(Stored records)
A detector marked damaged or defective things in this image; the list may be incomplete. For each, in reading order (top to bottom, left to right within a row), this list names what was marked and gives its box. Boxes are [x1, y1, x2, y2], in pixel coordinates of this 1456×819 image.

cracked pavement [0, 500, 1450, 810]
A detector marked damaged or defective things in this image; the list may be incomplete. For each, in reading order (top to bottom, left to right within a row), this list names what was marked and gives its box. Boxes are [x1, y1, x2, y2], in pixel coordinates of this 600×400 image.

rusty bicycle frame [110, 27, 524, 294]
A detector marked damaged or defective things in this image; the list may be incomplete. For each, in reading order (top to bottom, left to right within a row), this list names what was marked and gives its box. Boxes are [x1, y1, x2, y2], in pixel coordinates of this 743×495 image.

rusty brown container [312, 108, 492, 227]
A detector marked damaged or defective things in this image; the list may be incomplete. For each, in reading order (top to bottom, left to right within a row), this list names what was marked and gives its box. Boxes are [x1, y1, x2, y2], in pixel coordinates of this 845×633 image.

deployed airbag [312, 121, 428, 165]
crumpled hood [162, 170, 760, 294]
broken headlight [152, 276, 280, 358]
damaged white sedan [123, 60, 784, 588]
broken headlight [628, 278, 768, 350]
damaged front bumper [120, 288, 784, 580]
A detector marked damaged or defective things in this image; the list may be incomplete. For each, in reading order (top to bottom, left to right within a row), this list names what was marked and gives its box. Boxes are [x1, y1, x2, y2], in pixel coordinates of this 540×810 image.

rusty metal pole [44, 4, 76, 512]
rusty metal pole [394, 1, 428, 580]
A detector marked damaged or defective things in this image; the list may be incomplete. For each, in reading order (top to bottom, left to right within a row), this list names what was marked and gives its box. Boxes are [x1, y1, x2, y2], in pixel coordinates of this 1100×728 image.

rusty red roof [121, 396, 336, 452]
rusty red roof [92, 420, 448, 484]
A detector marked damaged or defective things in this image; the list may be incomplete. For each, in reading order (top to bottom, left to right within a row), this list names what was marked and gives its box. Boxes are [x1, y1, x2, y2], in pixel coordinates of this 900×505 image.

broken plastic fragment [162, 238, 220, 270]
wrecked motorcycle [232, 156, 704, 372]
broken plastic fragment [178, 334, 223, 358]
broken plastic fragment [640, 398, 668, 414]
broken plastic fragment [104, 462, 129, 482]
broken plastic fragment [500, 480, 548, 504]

Your objective
Once you reach the line that contains "this 1100×728 image.", print it and every line after it exactly as written, stopping at the last line of the records and adding nothing.

Answer to the exercise
A detector marked damaged or defective things in this image; the list may be incomplete. For each, in reading order (top to bottom, left to right within a row), this list names what was marked and gives its box. Boxes are [x1, y1, x2, y2], in pixel coordinates of this 1100×728 image.

rusty red roof [121, 396, 336, 452]
rusty red roof [92, 420, 448, 484]
A detector marked damaged or defective things in this image; the list may be incomplete. For each, in reading order (top to bottom, left to right within a row), this list names what was marked and gives its box. Boxes are [x1, y1, x2, y2], in pixel coordinates of this 900×505 image.

broken plastic fragment [162, 238, 220, 270]
wrecked motorcycle [232, 156, 704, 372]
broken plastic fragment [178, 334, 223, 358]
broken plastic fragment [640, 398, 668, 414]
broken plastic fragment [104, 462, 129, 482]
broken plastic fragment [500, 480, 548, 504]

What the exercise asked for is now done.